Monday 31 August 2015

Performance Report: Koenji Awa Odori

Koenji Awa Odori, as you most likely already know, is the largest festival of its kind in Tokyo, and this year was its 59th birthday. Each year, the number of teams and performers have been steadily increasing, making it by far the most diverse in style. Of course, it's also increasingly crowded, which can make it quite frustrating for spectators who face difficulties finding somewhere from which to view it, and even more difficulty in getting to such a spot.

As performers, we're mostly shielded from the crowds, but it does also mean being paddocked in to a large extent.

Koenji Awa Odori
A good turnout
This time, we had a number of special guests from Tokushima Ebisuren who flew in especially to perform with us. Among them were 5 otoko odori, 2 onna odori, and 2 shamisen players—it was nice to hear the shamisen again, as all of our own are temporarily assigned to drums, quit, or missing in action. Of course, this meant we had to prepare and bring along 9 extra costumes, but that was a very small price for the value they brought.

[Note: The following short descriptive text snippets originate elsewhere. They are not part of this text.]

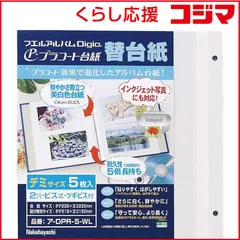 【 新品 未開封 】   ナカバヤシ プラコート台紙フリー替台紙（デミサイズ／プラコート台紙５枚／ホワイト） ア‐DPR‐5‐WL 未使用 送料無料のサムネイル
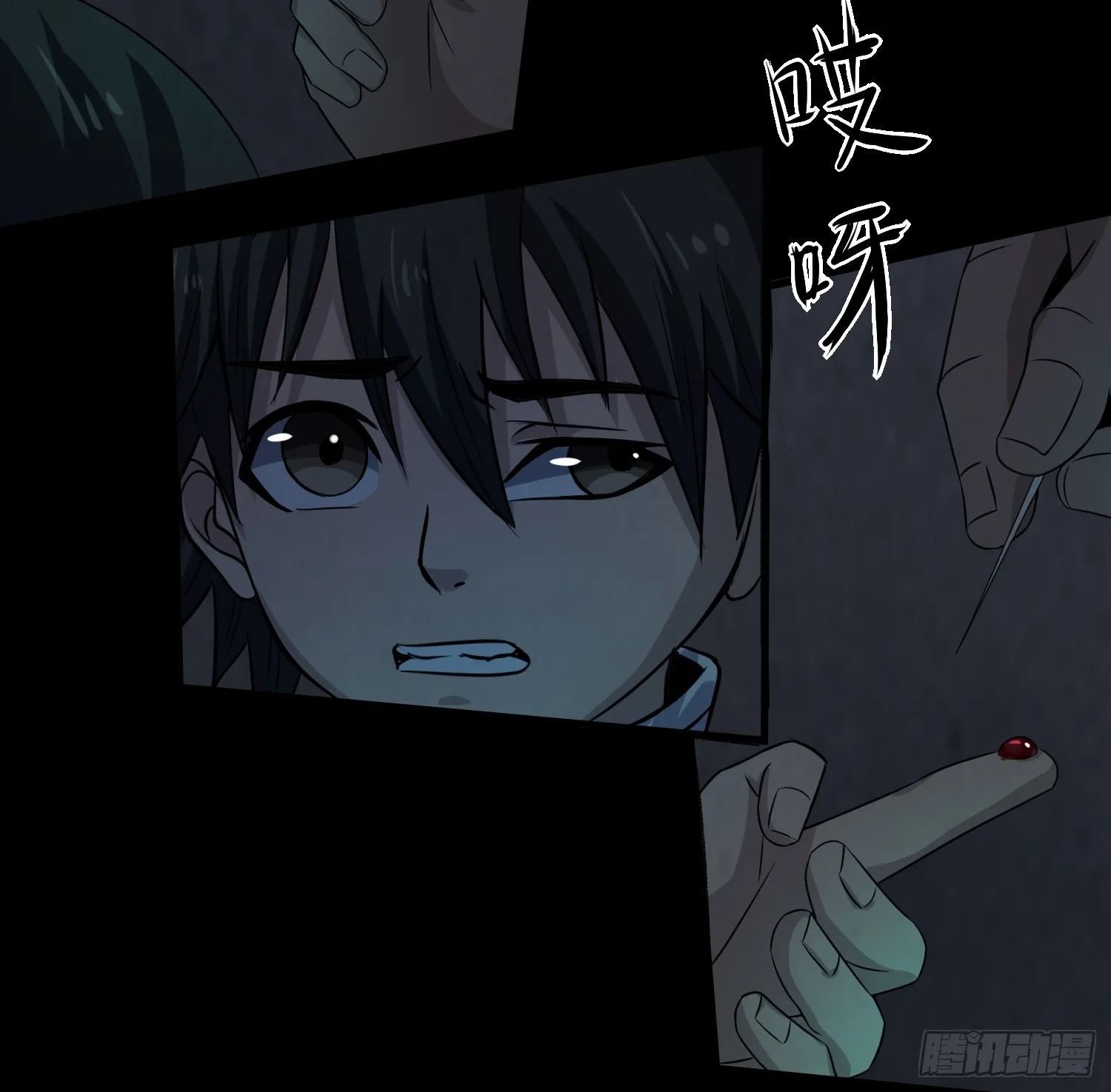 第62页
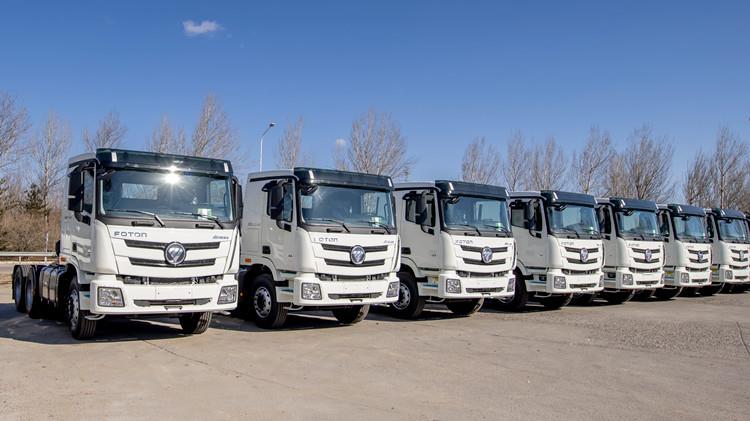 Foton Auman GTL 6x4 Truck Tractor Head for Sale
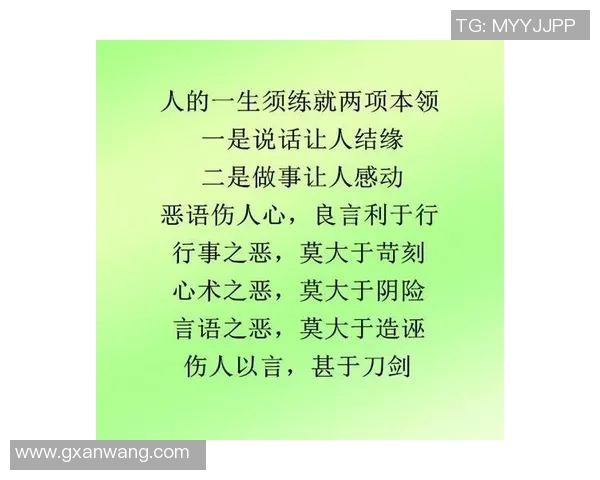 我无权决定人生去留全在妻子一言之中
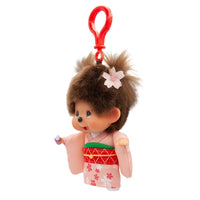 Monchhichi Sakura Kimono Girl Plush Keychain Official Sekiguchi 5.5"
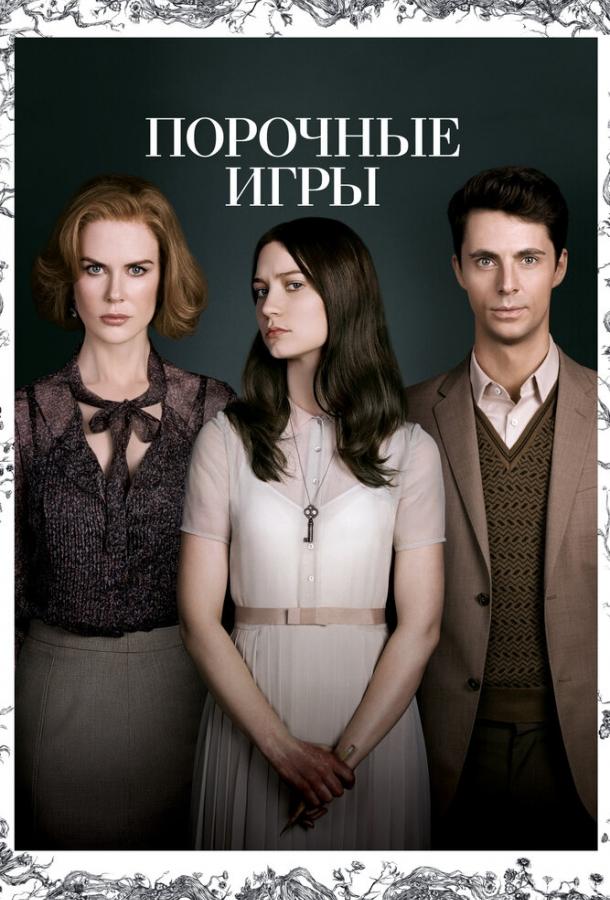 Фильм Порочные игры 2012 смотреть онлайн: Драма с Мэттью Гудом и Дермотом Малруни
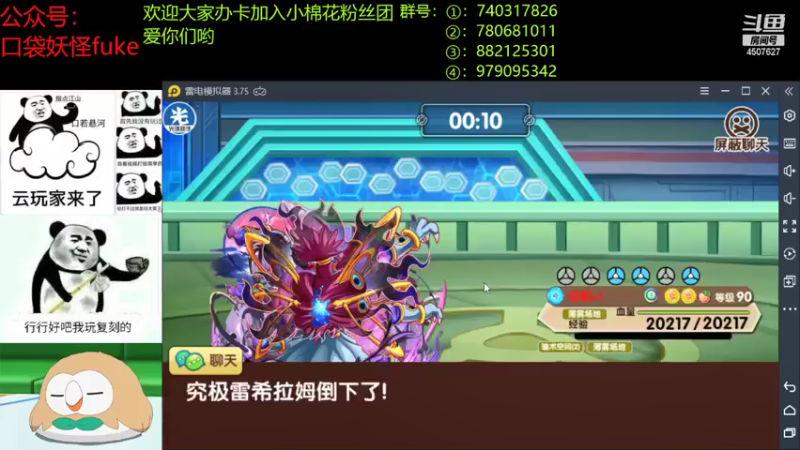 【2021-07-23 21点场】失眠君灬灬：新赛季新气象，冲！充！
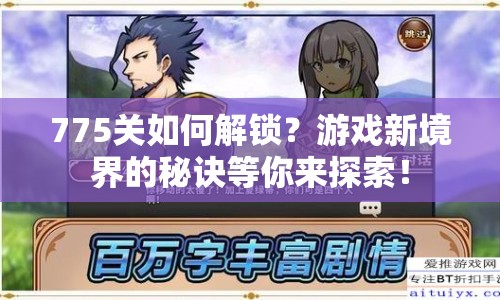 775關(guān)如何解鎖？游戲新境界的秘訣等你來探索！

Four of my temporary teammates were people I'd trained and performed with in Tokushima quite recently, and the other I was already friends with from years back, so this made it much easier to get everybody organised. Everyone on both sides was cooperative and helpful, and I think the sense of solidarity came across in the performances.

One of the things I like in particular about Koenji is that several of the stages are modelled after the Tokushima stages—wide enough to move, and "jumpers" heavily discouraged. I saw the festival staff dealing with people who were encroaching on the performance space quite harshly on a number of occasions, which is most likely in the name of safety—all participants this year had to sign up for a mandatory insurance, but I don't know if this was a result of something happening during a previous year or not.

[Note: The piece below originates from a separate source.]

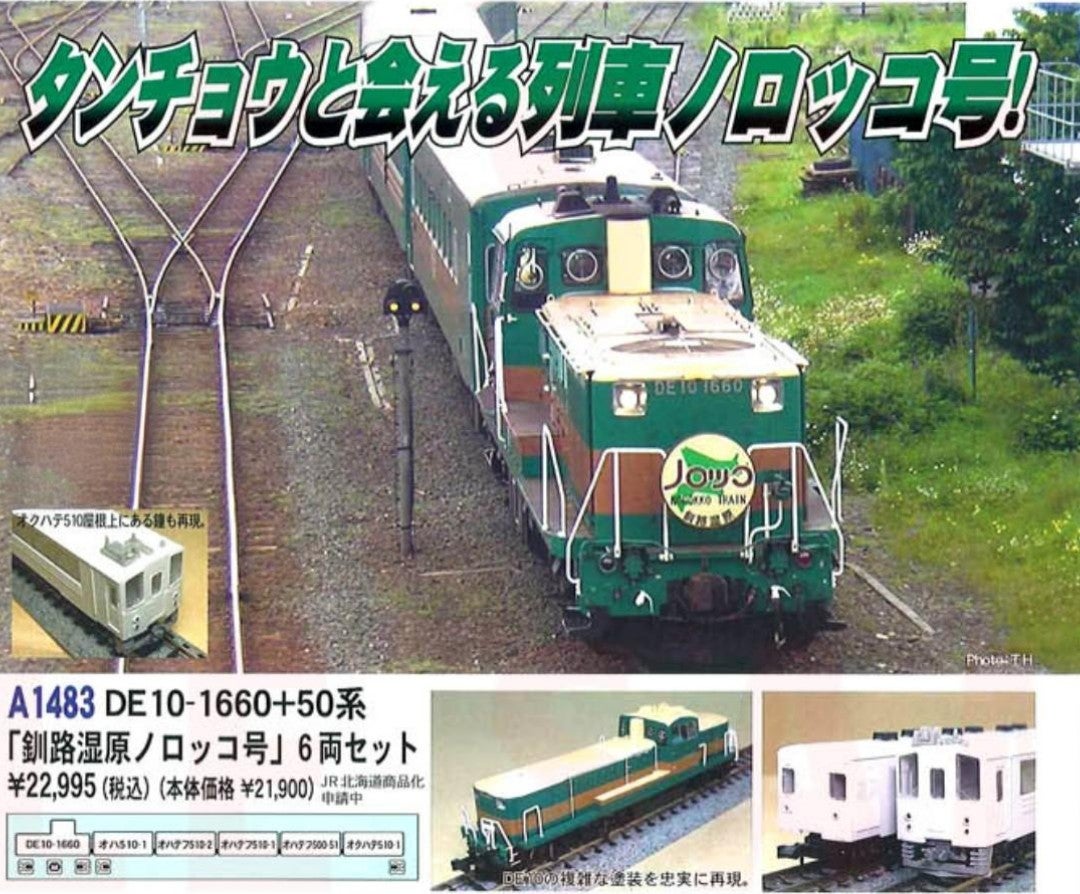 マイクロエース A1483 DE10-1660 50系「釧路湿原ノロッコ号」入線 | 約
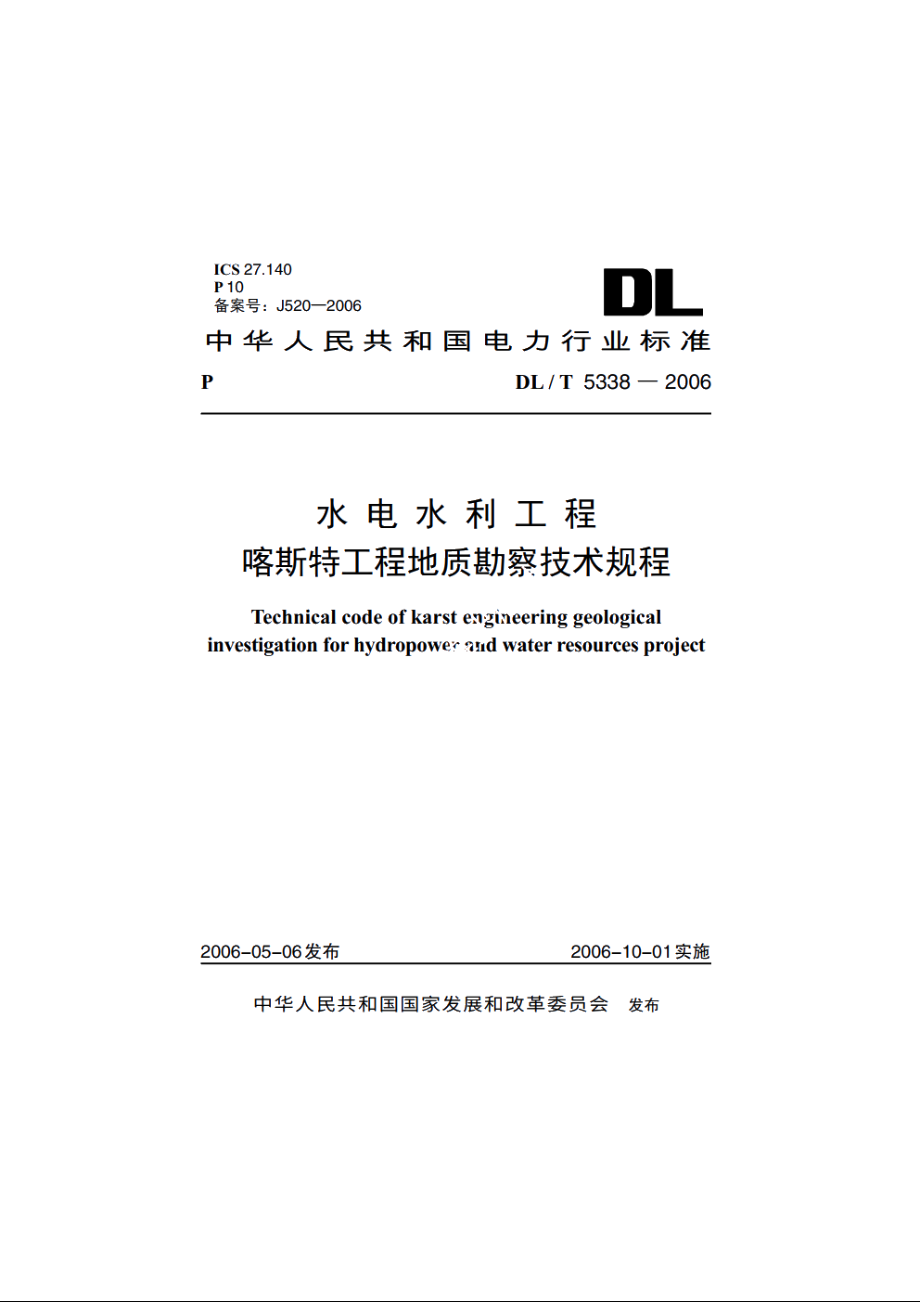 水电水利工程喀斯特工程地质勘察技术规程 DLT 5338-2006.pdf_第1页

But I digress, the widest stages tend to have the most enthusiastic crowds, so we like to show them something special if we can. Because of the sheer numbers of teams though, any team that stops to perform a routine causes a caterpillar effect holding up all the teams behind, so it's been heavily discouraged in recent years. As it turned out, some space had opened up behind us at all the larger stages so we were able to stop and give a short set piece without causing a fuss. Similarly, as we approached the final goal point, I checked behind us and there was a space of maybe 30-40 meters open, so I gave the signal to perform an "abare" routine, a very high paced wild dance with jumping and shouting which is a huge crowd pleaser. Typically we start from a triangular wedge formation, and when the music speeds up we all run in different directions, leaping into action. Always nice to give the audience what they want!

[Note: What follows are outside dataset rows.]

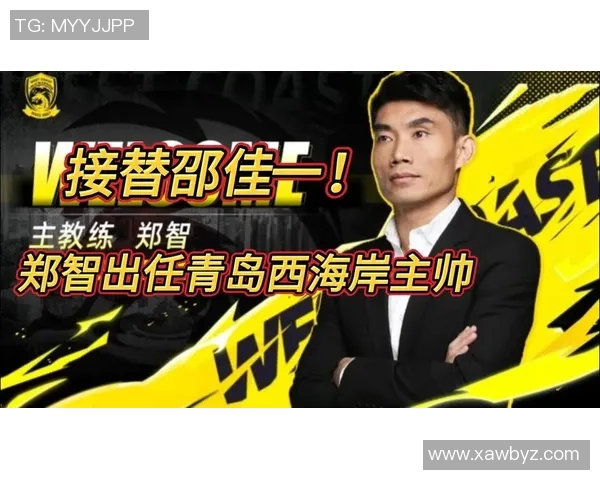 郑智有望执教青岛西海岸队接替邵佳一开启新篇章 郑智有望执教青岛西海岸队接替邵佳一开启新篇章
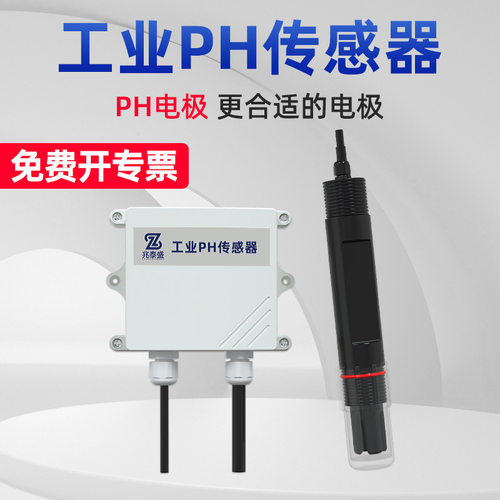 工业水质ph传感器污水酸碱度测试仪水质检测仪水质在线监测系统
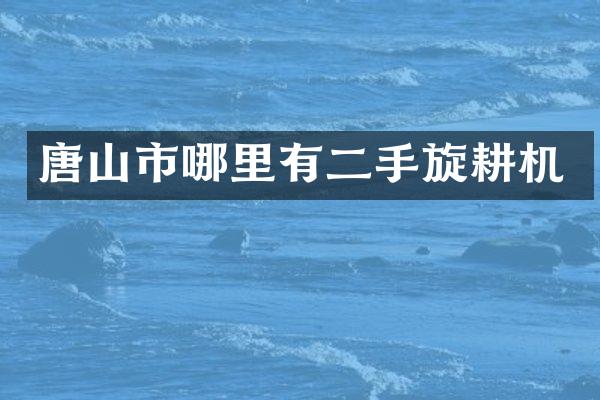 唐山市哪里有二手旋耕机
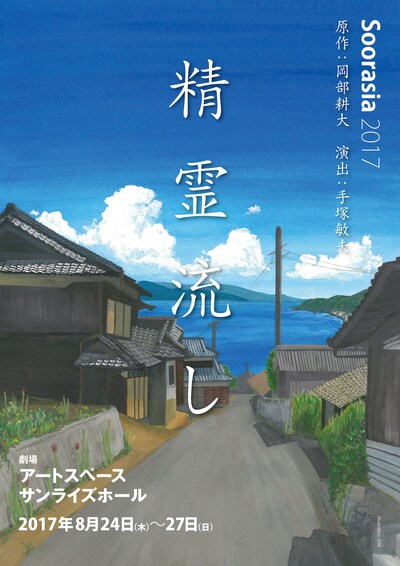 Soorasia「精霊流し」チラシ表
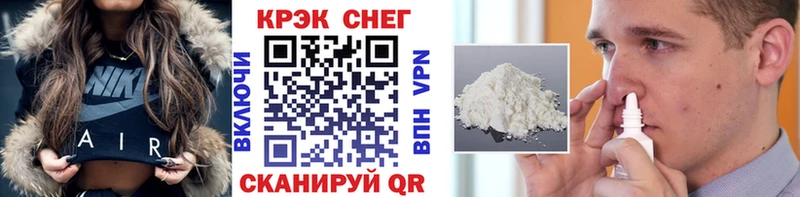 Кокаин Fish Scale Коряжма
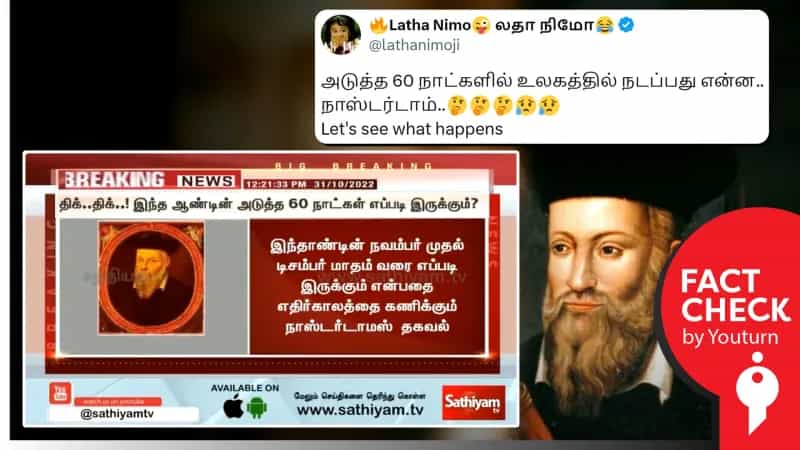 ’அடுத்த 60 நாட்களில் உலகத்தில் நடக்க இருப்பவை’ என நாஸ்டர்டாமஸ் கணிப்பு எனப் பரவும் செய்தி உண்மையா?
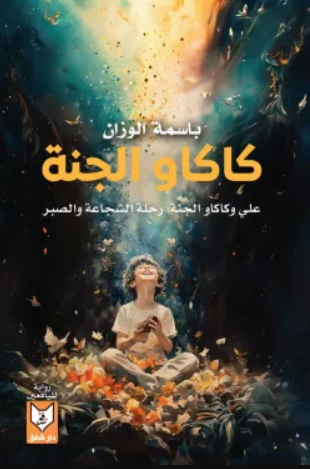 كاكاو الجنة - رواية لليافعين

Update: It seems a Mr Philbert Ono captured the precise scenario I just described on video.

We managed to complete 5 stages in total during the three event hours, but the final whistle was blown as we were preparing to begin a 6th. I was happy with the 5 we performed though, and the presense of our guests really motivated us and raised the bar of our individual performances.

We finished by taking our guests out for a celebratory dinner, which ended the day on a high note. Early departure for me though as I had to get my costume cleaned and dried for the next day.